Histoire n°1: L’HISTOIRE ORIGINELLE






Autrement dit, TON histoire.


Les gens adorent les histoires « origines ».


X-Men Origins.
La Planète des Singes: Les Origines.
Man of Steel
Batman Begins…


Tu te souviens de ces films ?


Leur succès…
C’est parce qu’ils racontent les débuts de nos héros préférés.


Toi aussi tu dois élaborer ton histoire originelle.


Ta story.


Typiquement, ton histoire doit faire écho avec les problèmes de tes clients.


Elle doit expliquer comment tu es parti d’un point A
Comment tu as eu un élément déclencheur.
Et comment tu es arrivé au point B.


Peter Parker, étudiant lambda (point A), se fait piquer par une araignée radioactive (déclencheur) et devient Spider-Man (point B).


Eden Light, étudiant lambda lui aussi (point A), récupère un cube étrange et se retrouve capable de lire dans les pensées (déclencheur).
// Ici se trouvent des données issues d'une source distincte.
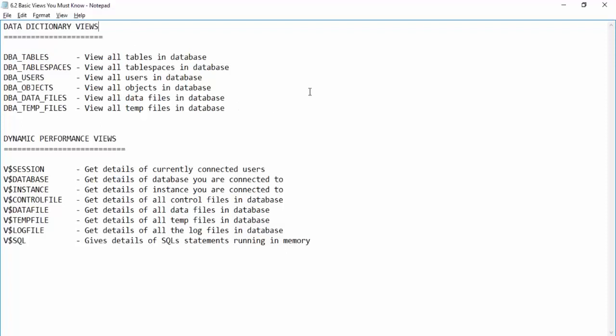So these are some of the views that as a DBA you must know. As mentioned, while working with different lab activities you will encounter these views very frequently, and in your real-time environment you may also learn additional views that help you execute your day-to-day activities.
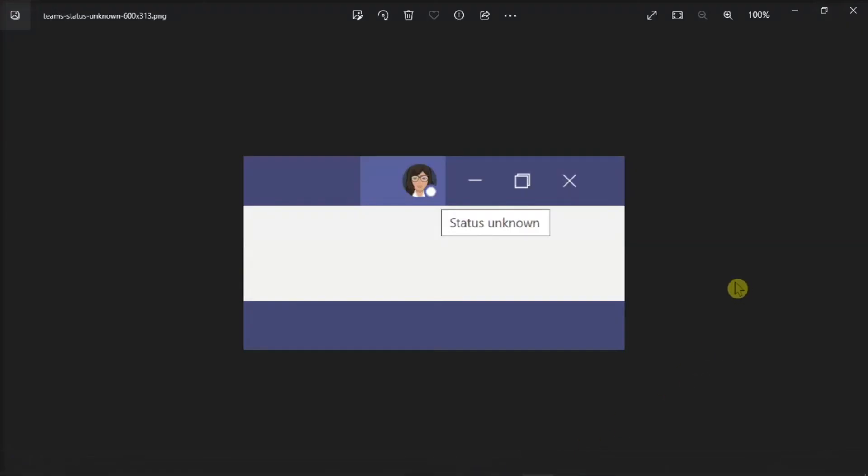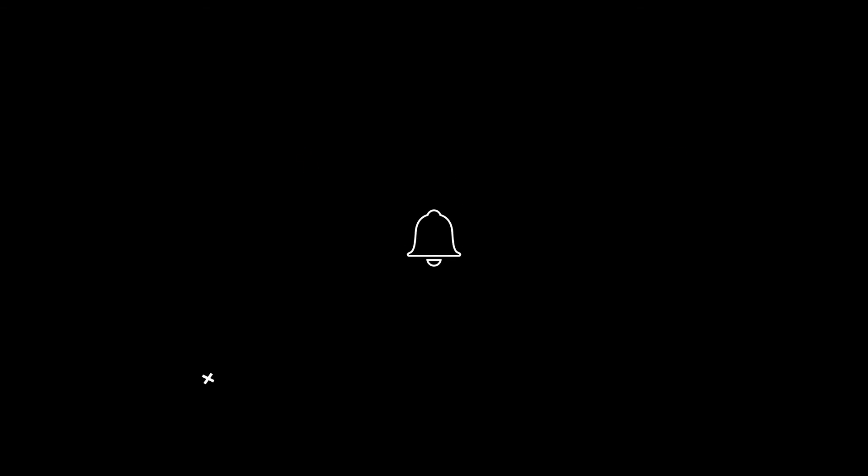So, those are the ways on how to fix this error message in Microsoft Teams. If you found this video helpful, kindly like and subscribe. You may also click and turn on the notification bell so you can be notified whenever we release new videos.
Il se sert de ses dons pour traquer un criminel insaisissable (point B).


Ce scénario te dit rien ?


C’est parce que c’est le synopsis de mon roman
(placement de produit)


Mais j’y reviendrai une autre fois 😄






Autre exemple d’histoire originelle:


J’étais un étudiant (encore un !) frustré, déprimé et désorienté (point A). Alors un ami m’a présenté le marketing de réseau (déclencheur) et je suis devenu une personne plus confiante, j’ai voyagé dans dix pays en deux ans et j’ai atteint le top de ma compagnie (point B).


C’est l’histoire que j’utilise quand je promeus le MLM.
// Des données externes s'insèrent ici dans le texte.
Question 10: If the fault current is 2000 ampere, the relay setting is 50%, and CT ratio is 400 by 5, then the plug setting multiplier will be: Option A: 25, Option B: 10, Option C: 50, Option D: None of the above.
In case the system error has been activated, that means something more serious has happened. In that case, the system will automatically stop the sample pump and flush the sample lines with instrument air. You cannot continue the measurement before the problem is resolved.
Une dernière pour la route ?


En 2015, je n’en pouvais plus de sacrifier ma vie personnelle pour le MLM, et je n’avais plus envie de participer à la chasse aux prospects avec des gens qui n’avaient souvent pas la motivation nécessaire pour réussir (point A).


Mais en étudiant le marketing en ligne, j’ai compris qu’il existait des systèmes qui permettaient d’attirer les prospects à soi et de rendre les choses plus simples (déclencheur).


Depuis, je suis contacté tous les jours par des candidats motivés qui veulent en savoir plus sur ce que je propose – et je diffuse un programme de formation qui explique comment en faire de même (point B).


Cette fois-ci, c’est l’histoire que j’utilise pour parler de Funnel Network.






Tu vois ?



Tu peux utiliser une histoire pour tout.


En fait,


Je te recommande d’avoir une ou deux histoires de disponibles pour partager ce que tu fais.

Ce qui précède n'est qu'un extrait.